Instructions to follow: Down to the last line, write out the entries below exactly and omit all pictures.

(Dataset records begins)

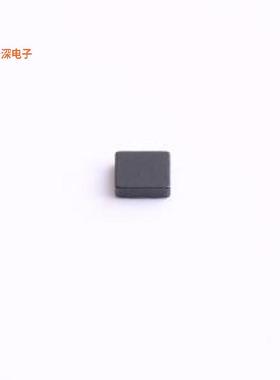 APH252010C6R8MP01 |原装1008功率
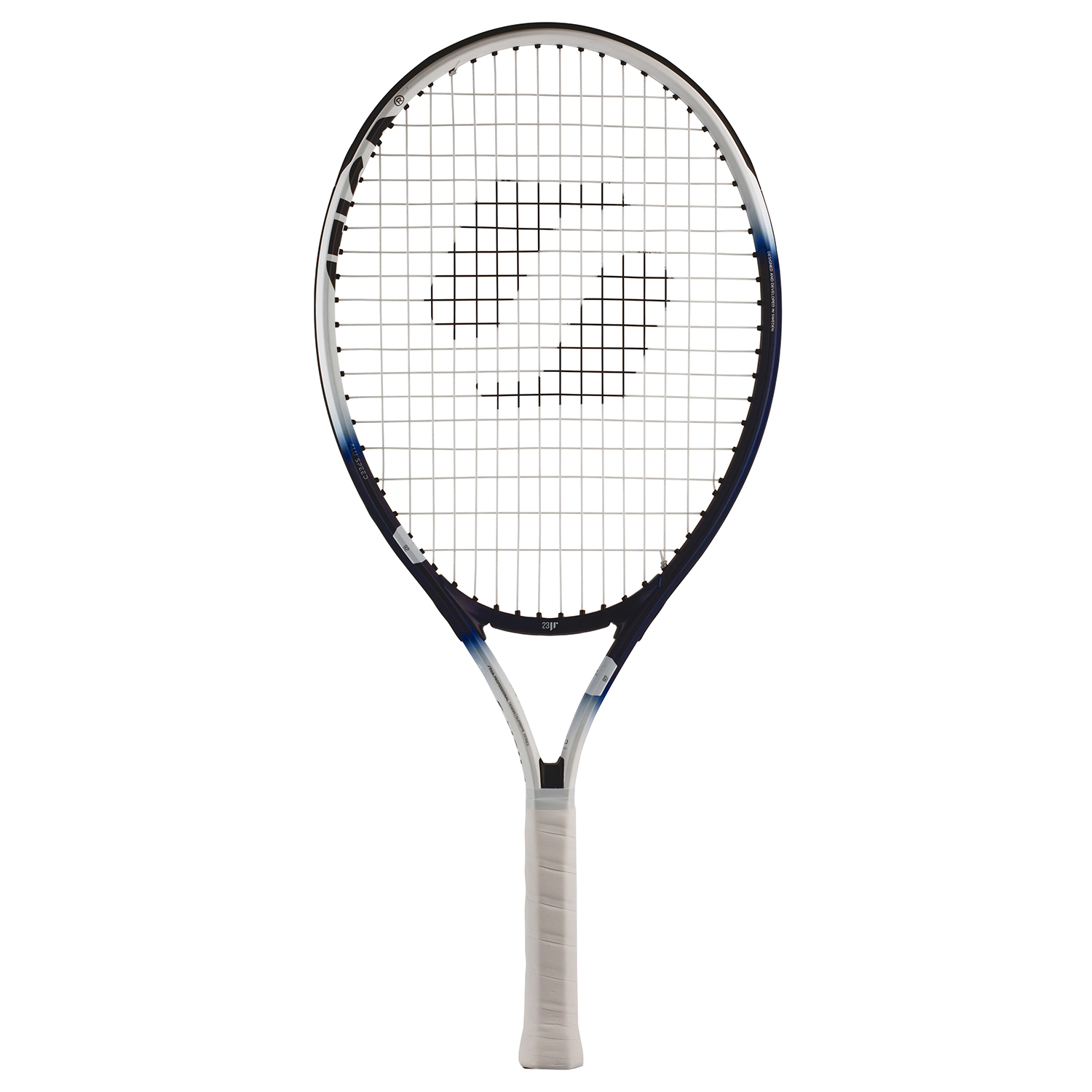 Tennisracket Stiga Sports Supreme JR 23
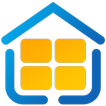 Grand Launcher Demo - big launcher for seniors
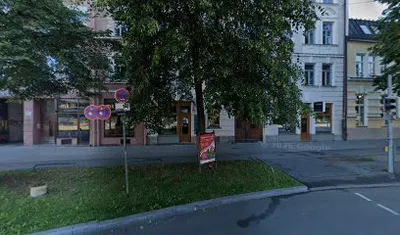 Musik mit Kindern München e.V.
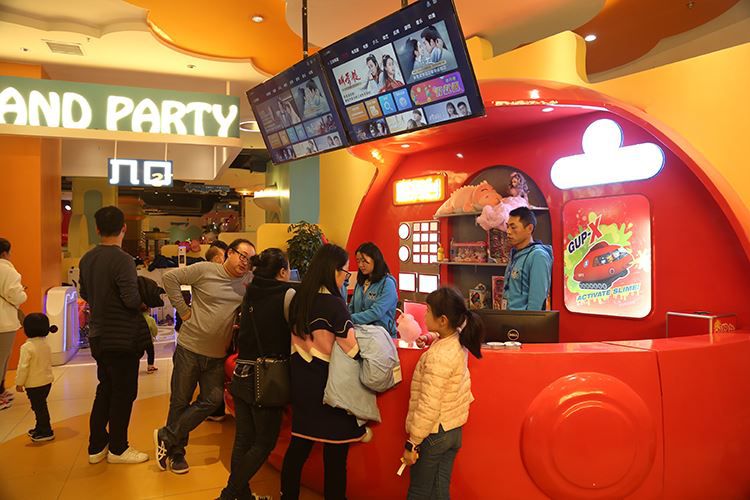 indoor play centre for sale indoor play centre for sale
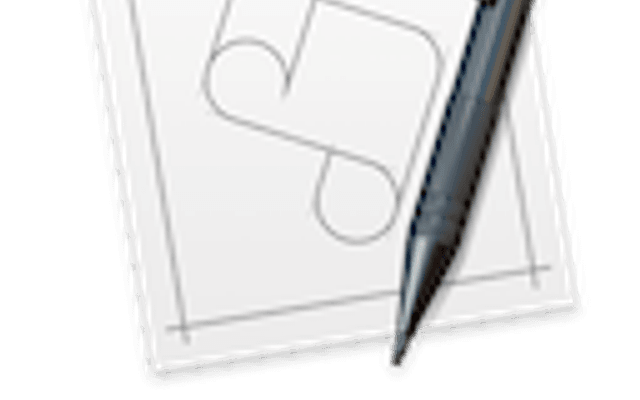 AppleScript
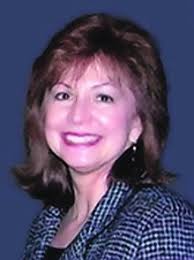 Ruth Miller Obituary (2023)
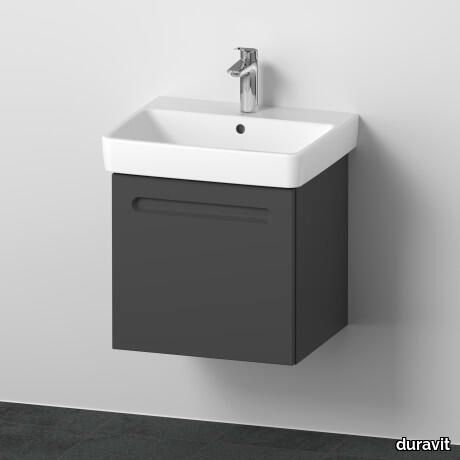 6953001_web2_prod_normal_2.jpg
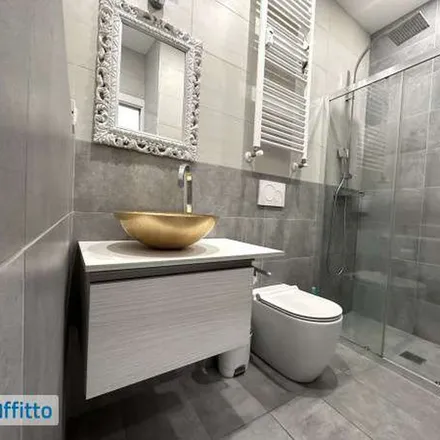 Image 3 - Viale Corsica, 20137 Milan MI, Italy - Apartment for rent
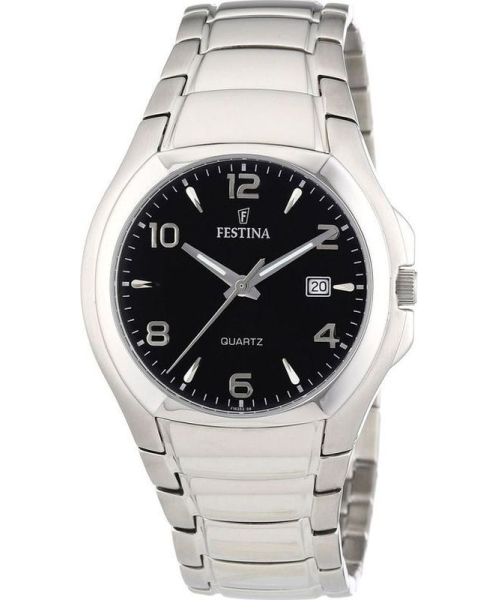  Festina F16262/8  #1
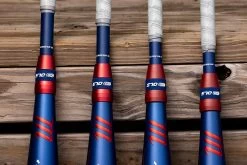 Marucci CAT 9 Connect America Senior League (-5) USSSA Baseball Bat: MSBCC95A -Baseball Equipment Shop CAT9 Connect Pastime 16 resize USSSA c97ac498 93af 4853 9e35 354b1ebb2e1a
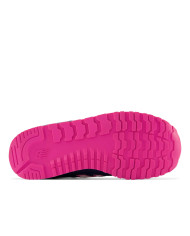 Buty dziecięce New Balance NB 500 PV500VP1 Niebieskie - Sklep online Mastersport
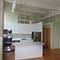 601 Linden Unit 311, Evanston, IL 60202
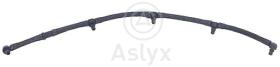 ASLYX AS592035 - RETORNO INYECTORES MINI 1.4D ->'06 "TOYOTA"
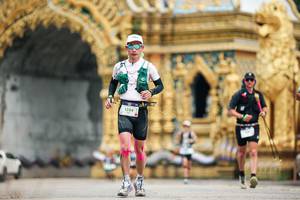 BIB: 
                            <button type="button" onclick="openModal(26847035)" class="btn btn-primary btn-sm float-right btn-popup" data-toggle="modal" data-target=".modal-high-quality">
                        <i class="fas fa-shopping-cart"></i> Add to Cart
                    </button>
                                            <button type="button" onclick="isThisMe(26847035, true)" class="btn btn-success btn-sm float-right btn-popup btn-isme hidden" data-toggle="tooltip" data-placement="bottom" title="นี่คือรูปของคุณใช่ไหม คลิกที่นี่เพื่อเอาเข้าอัลบั้ม">
                        <i class="fas fa-plus"></i> Add to album
                    </button>
                    <button type="button" onclick="isThisMe(26847035, false)" class="btn btn-warning btn-sm float-right btn-popup btn-isnotme hidden">
                        <i class="fas fa-ban"></i> Remove from album
                    </button>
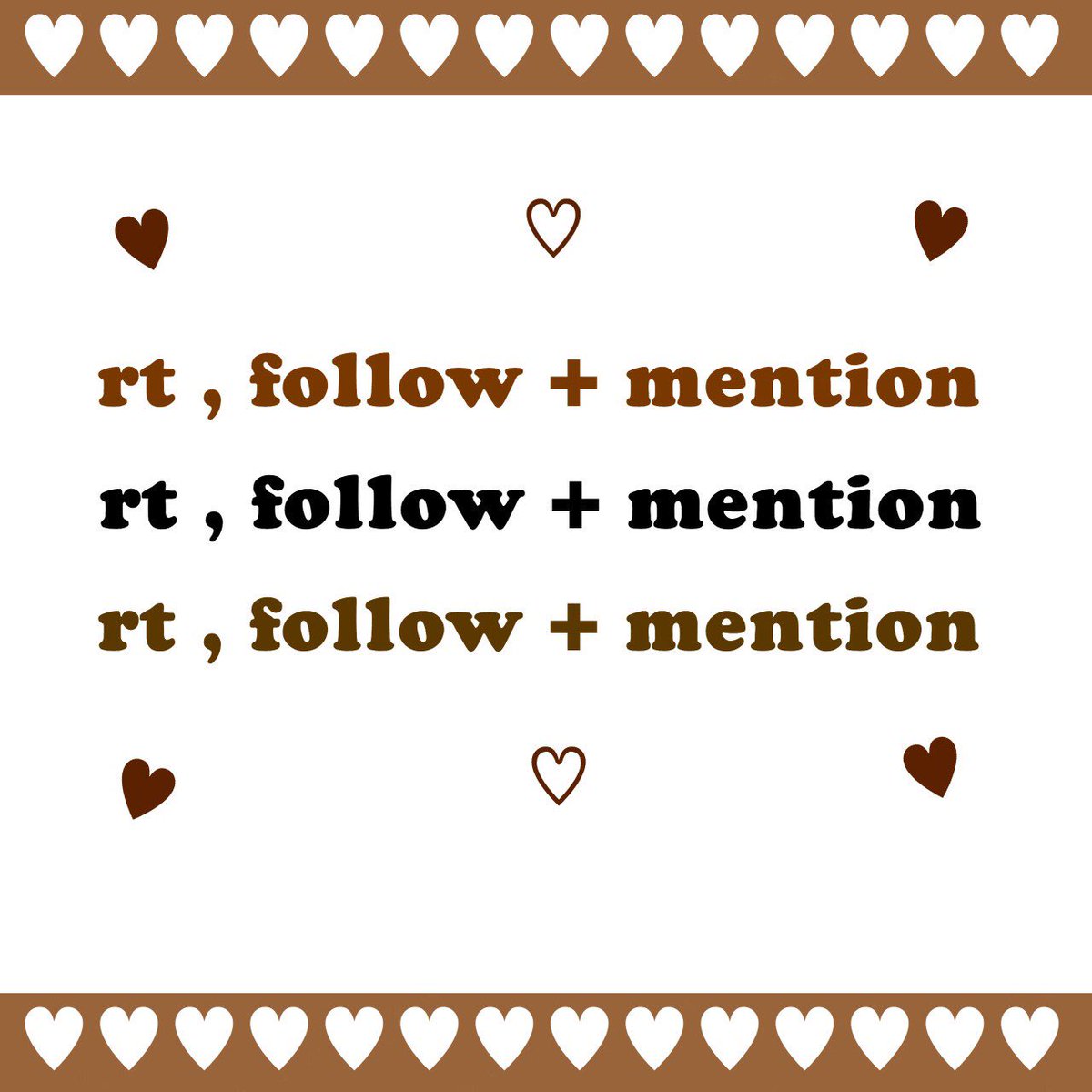 สเกล ♥︎ tweet media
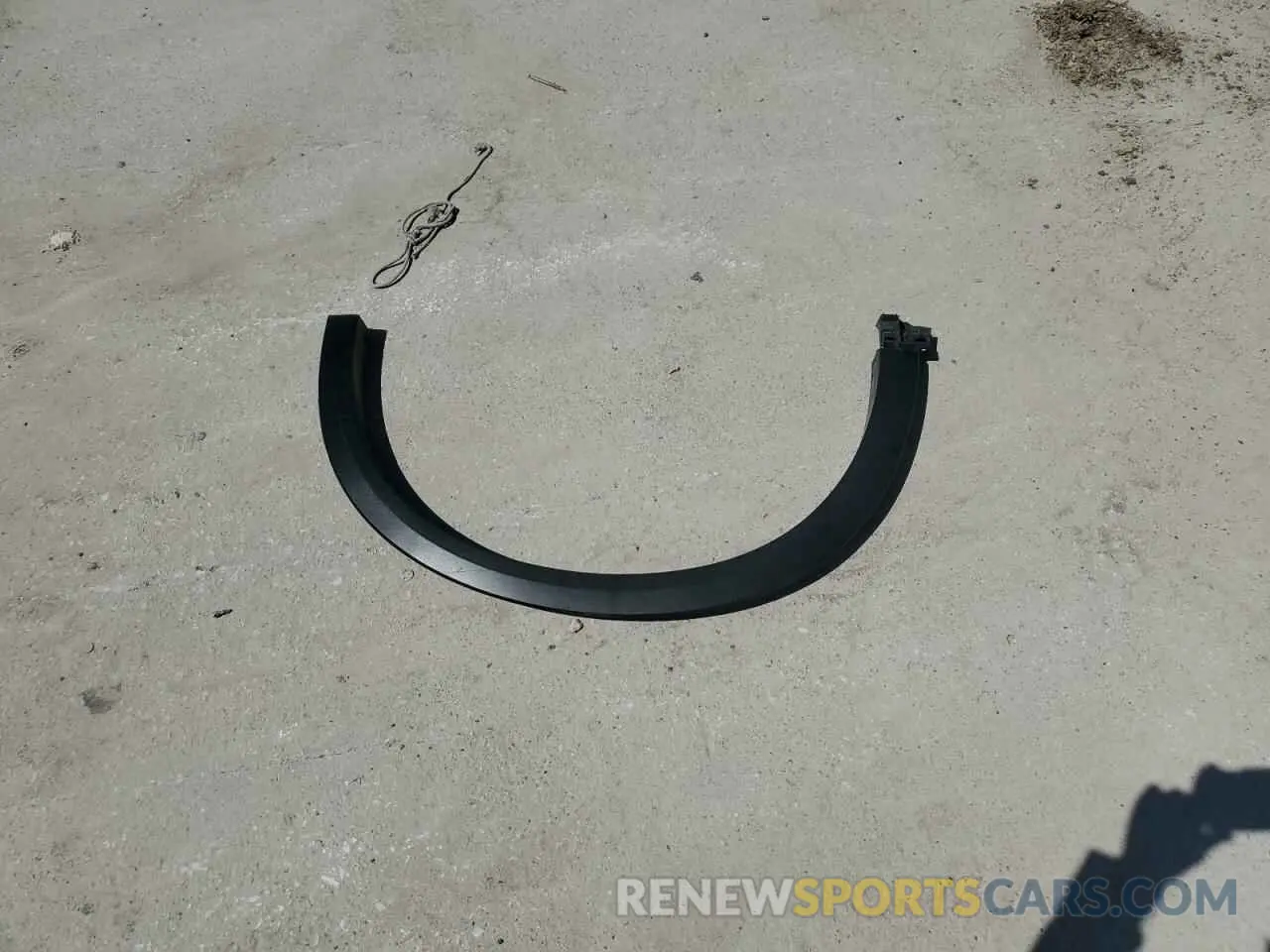 13 Фотография поврежденного автомобиля JM3KFBDM2N1634080 MAZDA CX-5 PREMI 2022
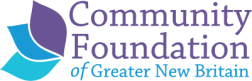 Community-Foundation-New-Britain-Logo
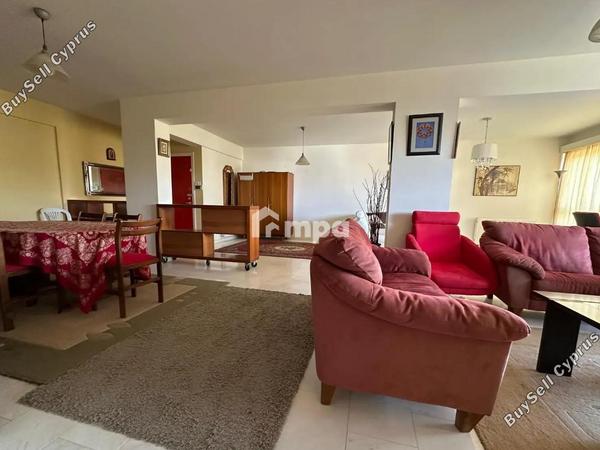 3 bedroom ground floor apartment for sale aglantzia nicosia 8093888 image 13185764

(Dataset records ends)

Result of the task:
 APH252010C6R8MP01 |原装1008功率
 Tennisracket Stiga Sports Supreme JR 23
 Grand Launcher Demo - big launcher for seniors
 Musik mit Kindern München e.V.
 indoor play centre for sale indoor play centre for sale
 AppleScript
 Ruth Miller Obituary (2023)
 6953001_web2_prod_normal_2.jpg
 Image 3 - Viale Corsica, 20137 Milan MI, Italy - Apartment for rent
  Festina F16262/8  #1
 Marucci CAT 9 Connect America Senior League (-5) USSSA Baseball Bat: MSBCC95A -Baseball Equipment Shop CAT9 Connect Pastime 16 resize USSSA c97ac498 93af 4853 9e35 354b1ebb2e1a
 Buty dziecięce New Balance NB 500 PV500VP1 Niebieskie - Sklep online Mastersport
 601 Linden Unit 311, Evanston, IL 60202
 ASLYX AS592035 - RETORNO INYECTORES MINI 1.4D ->'06 "TOYOTA"
 BIB: 
                            <button type="button" onclick="openModal(26847035)" class="btn btn-primary btn-sm float-right btn-popup" data-toggle="modal" data-target=".modal-high-quality">
                        <i class="fas fa-shopping-cart"></i> Add to Cart
                    </button>
                                            <button type="button" onclick="isThisMe(26847035, true)" class="btn btn-success btn-sm float-right btn-popup btn-isme hidden" data-toggle="tooltip" data-placement="bottom" title="นี่คือรูปของคุณใช่ไหม คลิกที่นี่เพื่อเอาเข้าอัลบั้ม">
                        <i class="fas fa-plus"></i> Add to album
                    </button>
                    <button type="button" onclick="isThisMe(26847035, false)" class="btn btn-warning btn-sm float-right btn-popup btn-isnotme hidden">
                        <i class="fas fa-ban"></i> Remove from album
                    </button>
 สเกล ♥︎ tweet media
 13 Фотография поврежденного автомобиля JM3KFBDM2N1634080 MAZDA CX-5 PREMI 2022
 Community-Foundation-New-Britain-Logo
 3 bedroom ground floor apartment for sale aglantzia nicosia 8093888 image 13185764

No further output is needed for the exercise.